A charity which provides more than 120 food hampers-a-month and financial support to farming families is calling for state government assistance to help the organisation stay afloat.
Gippsland Farmer Relief will today announce it is seeking funding to employ people to help strengthen and improve the scope of the organisation which has about 70 volunteers.
Between August 2018 and January 2019, Gippsland Farmer Relief gave $50,000 in groceries and $55,000 in Visa cards to farming families in need and received $115,000 in public donations, its volunteer chief executive and founder, Melissa Ferguson said.
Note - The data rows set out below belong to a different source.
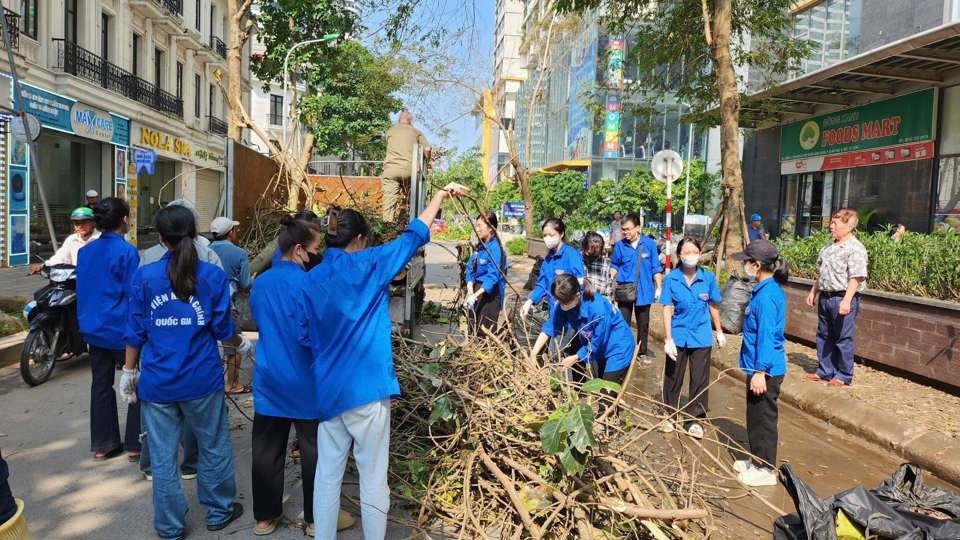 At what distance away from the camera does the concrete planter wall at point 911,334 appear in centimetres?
635

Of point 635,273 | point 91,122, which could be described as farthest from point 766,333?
point 91,122

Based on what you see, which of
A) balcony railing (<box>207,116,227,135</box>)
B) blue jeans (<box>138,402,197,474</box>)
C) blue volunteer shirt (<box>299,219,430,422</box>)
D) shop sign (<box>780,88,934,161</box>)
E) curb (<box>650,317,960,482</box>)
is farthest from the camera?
balcony railing (<box>207,116,227,135</box>)

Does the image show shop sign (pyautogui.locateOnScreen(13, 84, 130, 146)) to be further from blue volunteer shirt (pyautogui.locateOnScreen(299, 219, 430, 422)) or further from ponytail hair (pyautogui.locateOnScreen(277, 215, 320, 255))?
blue volunteer shirt (pyautogui.locateOnScreen(299, 219, 430, 422))

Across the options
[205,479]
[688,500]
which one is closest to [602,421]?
[688,500]

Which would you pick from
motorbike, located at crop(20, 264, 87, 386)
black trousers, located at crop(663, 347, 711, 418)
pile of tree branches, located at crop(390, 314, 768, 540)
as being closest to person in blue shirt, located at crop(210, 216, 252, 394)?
pile of tree branches, located at crop(390, 314, 768, 540)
The organisation, founded in the wake of the 2016 dairy crisis, claims its workload has tripled in the past 12 months as farmers in East Gippsland and Wellington Shire deal with one of the region’s most severe droughts on record.
Ms Ferguson and member for Morwell Russell Northe will today call on the state government to provide $1.2 million dollars for a two-year pilot program to ensure the organisation can meet the need of its famers.
“We badly need funding because 100 per cent of our public funds go to farmers,” Ms Ferguson said.
“We’re a professional organisation in need of funding and we’re a potential Latrobe Valley employer as well.”
“In total we have about 70 volunteers but there’s some people who work full-time in our office, including me, who dedicate their life to it and work extended hours.”
Ms Ferguson said the organisation, which is registered with the Australian Charities and Not-for-profits Commission, had “high governance standards” and was “transparent” and willing to offer reports on donations and how money donated to GFR was spent.
“We want to pay our full-time volunteers, those who run the organisation I guess, from administration to management,” Ms Ferguson said.
“On a monthly basis we provide a food hamper of up to the value of $230, and also additionally we give out visa cards and we have a mental health referral service that visits the farm.”
Member for Morwell Russell Northe said funding would ensure the organisation could continue to deliver the services it was providing farmers across Gippsland.
“Essentially it’s enabling the employment of multiple staff to not only run the administration of Gippsland Farmer Relief, but making sure there’s a sustainable model in place for the organisation going forward,” Mr Northe said.
“This is a simple message to the government and to the minister for agriculture that we need to be supporting those organisations who are supporting our Gippsland farming families.”
Agriculture Minister Jaclyn Symes said she would be prepared to meet with Ms Ferguson to discuss how the government could assist farmers in the region.
“Anything that can make life easier for Gippsland drought-affected farming families is always encouraged and I would welcome a meeting with Gippsland Farmer Relief,” Ms Symes said.